In IMO (and other math Olympiad contests), we do practice past papers, and even spend hours (or sometimes, days) in contemplating these past papers. We learn insights, ideas, and new theorems. So, practicing past years need not to be boring–in this case it’s more of untying shoelace of different patterns instead of merely tying shoelace.
And yes, like A-Levels, in IMO we have only one time to do it right. If you screw the test, wait for next year.
However, IMO is different in the sense that there’s NO guarantee that you’ll be alright by doing past years, however much effort you made. Every problem in the contest will be new and unused in any other contest. For the easiest first problem for each paper, yes, we may succeed. But the third problem can be daunting even to strongest candidates.

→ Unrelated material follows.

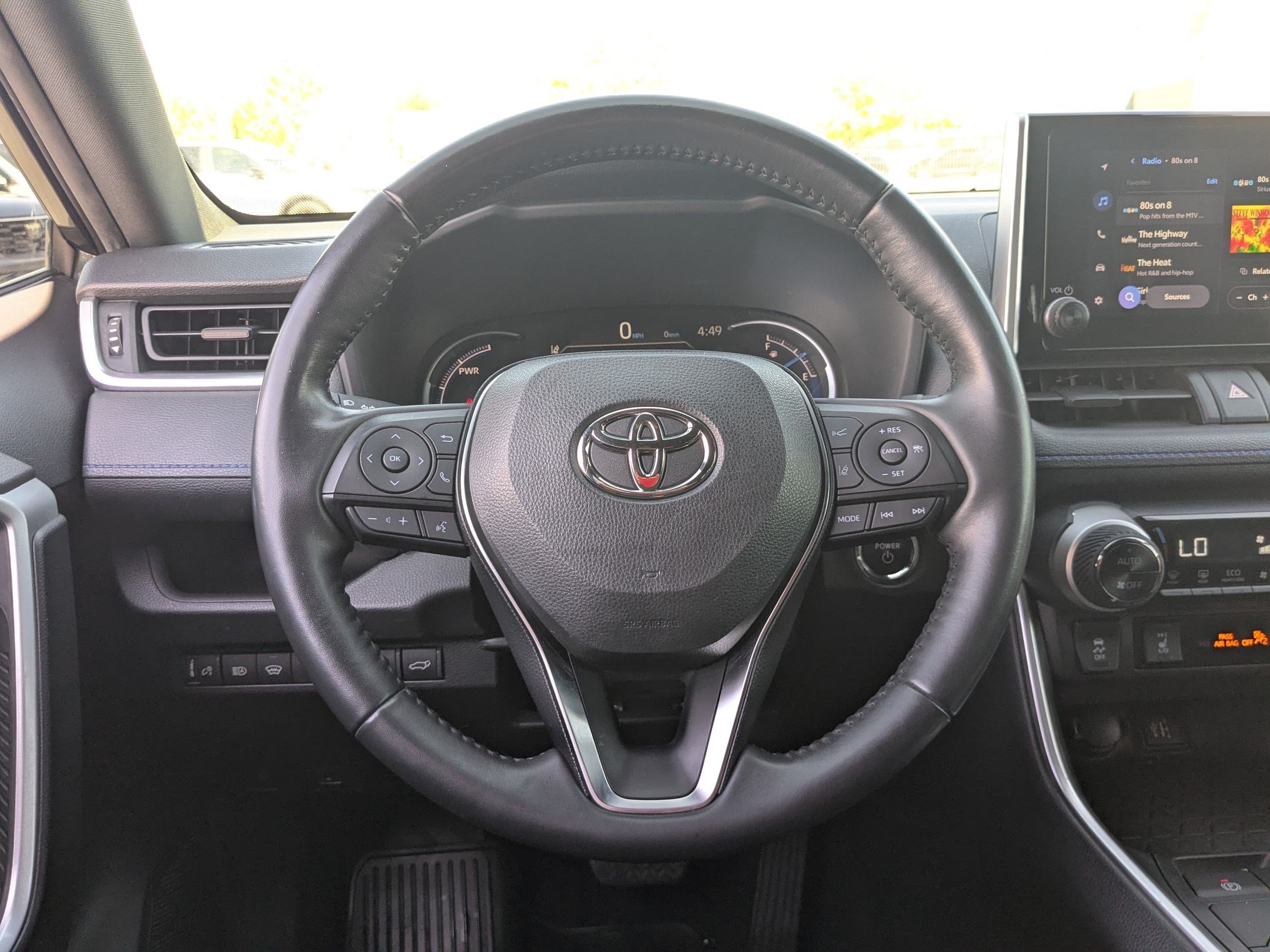 Used 2024 Toyota RAV4 SE w/ Convenience Package AWD/4WD image 16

And of course no one in the battlefield will be considered “weak”. Rather, it’s strong, very strong, or insuperable. There’s also no rules in IMO for problem solving: create your own reasoning process! (Note: doing your own way might be either easier or harder, depends. But as long as you solved it and have time to finish other problems that’s ok. Sometimes A-Levels work that way).

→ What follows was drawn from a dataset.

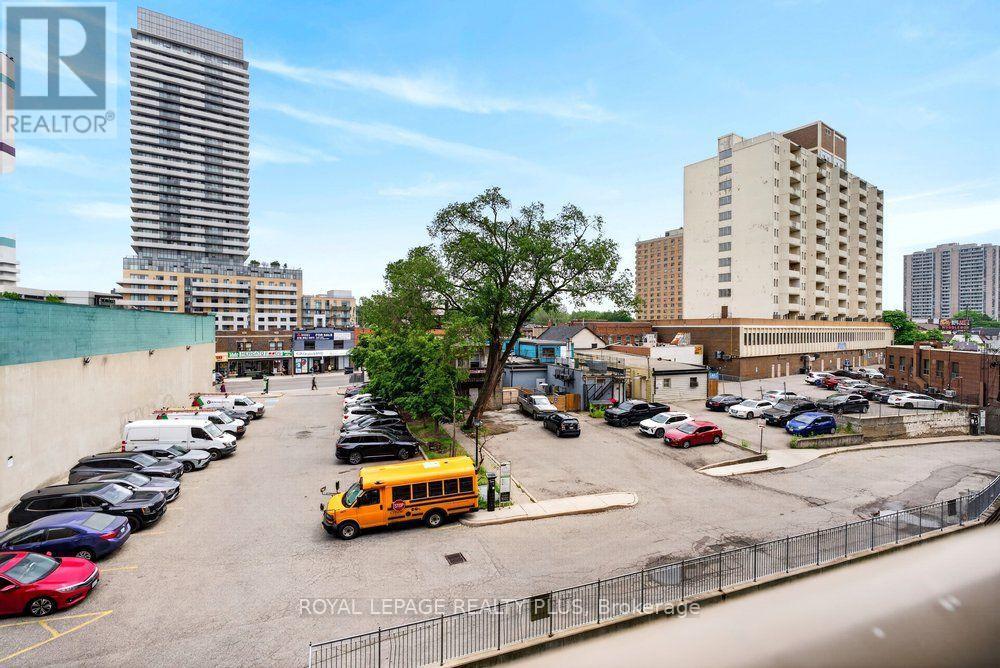#412 2088 LAWRENCE AVENUE W - 27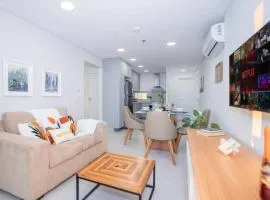 Stylish 2BR Pool Gym City Views Prime Spot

Back to A-Levels, yes we need practice to make “perfect”, but for some questions (like Data response in Econs, and for some structured questions in Sciences) the answers may not pop out to your mind just by doing past papers. That’s when flair comes in, just like in IMO.
There is, of course, some rules in A-Levels, like which steps do you need to write, or key words, but things don’t get as bad as you think IF we can reason out why comes the rules (like why xxx must appear as definition). The only obstacle is that, we prefer memorizing it. Maybe the flaw of the system is that, it deludes us into various kinds of memorizing blindly instead of reasoning out (which is mentally demanding, but rewarding).

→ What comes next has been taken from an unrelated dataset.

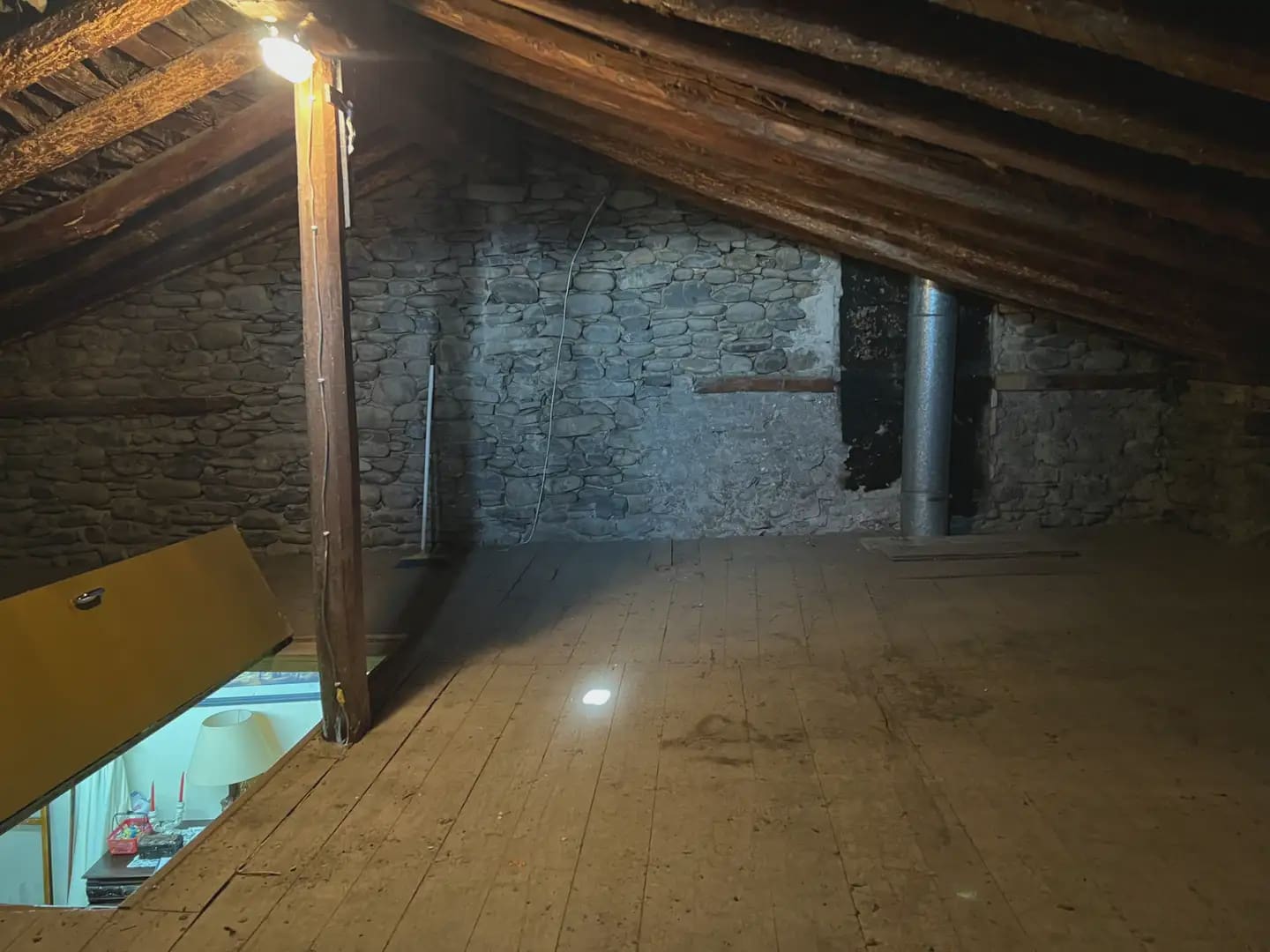 4 bedroom Finca/Country House for sale in Canal de Berdun - € 168,000 (Ref: 9963535)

As of failure? Once we fail, interrogations may come, but consolations come too. Depends. *Here again comes its limitation: sometimes it’s just half a year left when we deem ourselves unsuitable. (See note)
Conclusion: Shoelace tying isn’t as bad as you think–think of how you learn walking! I concede, though, that doing past papers can be boring. However, we can spark our interest by constantly learning our mistakes, not just memorizing answers (after all, in doing IMO past papers we faced failure and frustrations, but we never feel bored because when we read the solutions, we exclaim “hey I should have think like this!”)
And every system has its flaw. Even IMO has it (because it doesn’t reward contestants who are usually strong but perform sub-optimally on that day, and it covers only 6 topics in 6 problems). Perhaps, we just have to be optimistic.”
If doing past papers isn’t boring I wouldn’t have written such posts, but will keep doing my papers instead). Then I thought of something parallel: quantum physics. The effectiveness of a model depends on observations. In education, it’s the same: it depends whether the system nurtures wholesome students. The problem is that our view is often parochial: in the end do we care about the aim of education? Are we over-obsessed with grades and ignore other development?
* Note: I didn’t clarify what I meant contextually; it means that, we have only two weeks of trial periods on deciding our four subjects. The choice we made is perfunctory. In worst cases it took us two semesters before we thought of dropping a subject (especially for Further Mathematics), and we can’t take another subject by then because how on earth we can study the whole syllabus in one semester when we were fraught with three other subjects? Most importantly, it takes us time to discover whether we like the subjects we take. Eg for me, I still don’t know whether it is correct to take up econs in the expense of chemistry.
But to add on: meeting a bunch of awesome people (like Maxis said) is rewarding: one of perks of joining econs class. In my class some guys, girls and I together form a gang for outing and discussing until no time. And our lecturer testifies that we were more outspoken then science classes’ students. There may be different cliques in my class, but thankfully…the clique to which I belong comprises both gender.